En ese momento, se oyeron voces afuera y entró de pronto el superior, seguido por Manahem y Simeón. El superior exclamó:

—Todo nuestro recinto está en llamas, y nada se consume, y el fuego brota del techo de esta cabaña. Joshua ben Abiathar, Johanan ben Zacharias, confesad: ¿estáis estudiando el Ma’aseb Merkabah [es decir, la Obra del Carro], un misterio que a todos está vedado estudiar si tienen rango inferior al de jefe de una academia?

—Ni tú ni mi tutor me habéis prohibido estudiar el misterio. ¿Y quién puede impedir que comprenda lo que se me ordena aprender de memoria? ¿Y cómo puedo abstenerme de explicar lo que he comprendido, si en vuestra presencia he jurado no guardar nada secreto?

—¡Cuidado! ¡En los días de mi padre, un joven de Kadesh Barnea que reconoció el significado de un solo versículo fue consumido por el fuego!

—Sin embargo, no he sido consumido. Y he oído decir: «Cuando desciende del cielo un fuego que arde pero no consume, es el momento de cantar el himno de alabanza».

—¿Estás instruyendo a tu superior?

—Como él desee.

—¿Y no has oído decir que si alguien habla neciamente de las cosas que están antes, detrás, encima y debajo, es decir, del Merkabah, mejor sería que no hubiera nacido?

—He oído ese juicio, y también que Ezequiel volverá y abrirá para Israel las cámaras del Merkabah. ¿Y si hoy ha venido Ezequiel a abrirlas?

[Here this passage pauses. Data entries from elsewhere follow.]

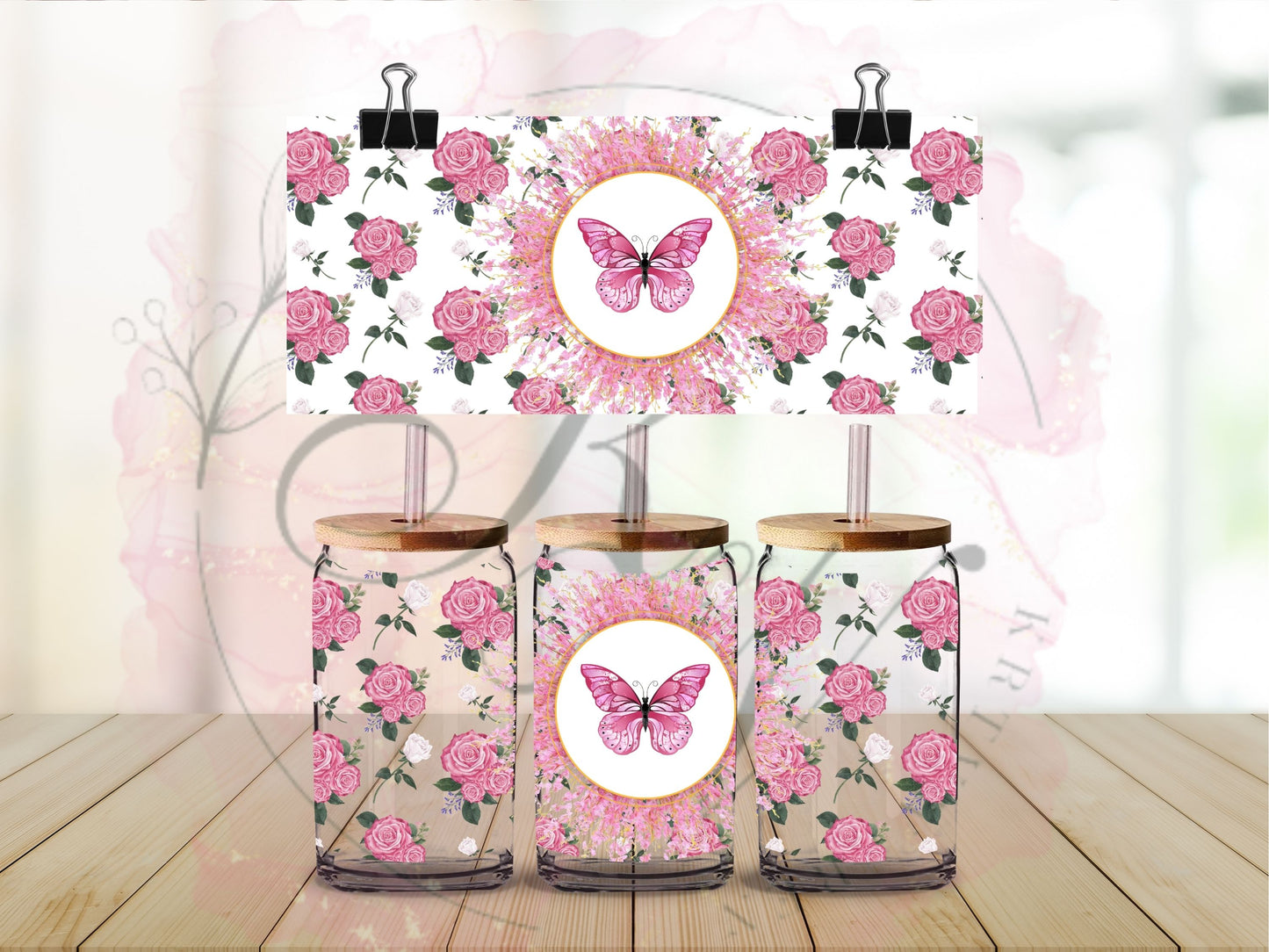 Trinkgläser 16oz Rub Ons " Schmetterling" No.507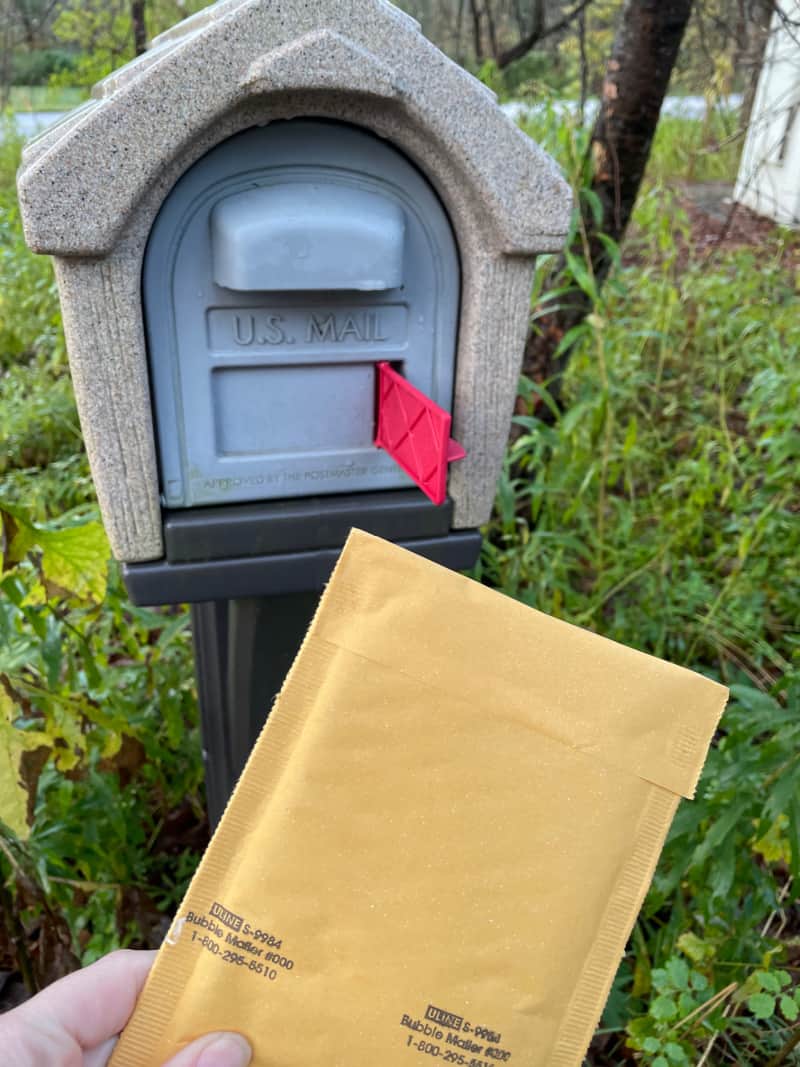 a person holding an envelope in front of a mailbox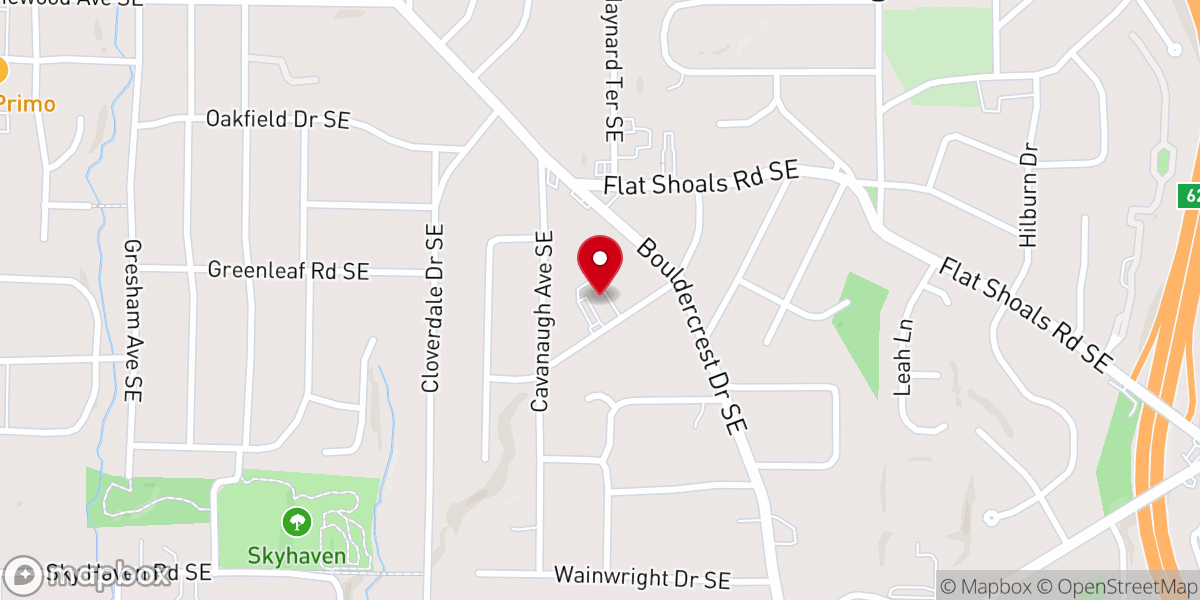 Map showing location of Greater Liberty Hill Baptist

Entonces el superior dijo:

—Joshua ben Abiathar, este lugar no te retendrá; romperías los barrotes. Toma de nuevo tu bolso de herramientas y vete en paz por la misma puerta por donde has entrado. Pero oye mi advertencia. Se recuerda que Elías, cuya obligación en la tierra de los benditos es guiar a los espíritus al sitio adecuado, visitó, cuando se le concedieron unas vacaciones en la tierra, una academia de Jerusalén. Oyó a los doctores, que discutían acerca de los corceles del carro que lo había conducido al cielo. Viendo que estaban desconcertados y errados, intervino para dar la explicación correcta; y a su regreso recibió la severa reprimenda del que todo lo ve.

—¿Quién te ha revelado esa reprimenda a Elías? ¿Tal vez el adversario de Dios? Ahora que me has liberado de mis votos de obediencia y que puedo dirigirme a ti como un hombre a otro hombre, te diré esto. Vosotros huís del mundo, pero ningún voto de pureza solemnemente jurado preservará del pecado a un hombre tímido; y tampoco servirán el cerrado portal de este recinto, ni el terraplén que lo rodea, ni los espinos que cubren el terraplén, ni vuestros cinturones profilácticos de piel de becerro, ni las mil y una celosas reglas de esta orden, para rechazar al adversario de Dios cuando le tendéis una mesa de tentaciones tan opulenta.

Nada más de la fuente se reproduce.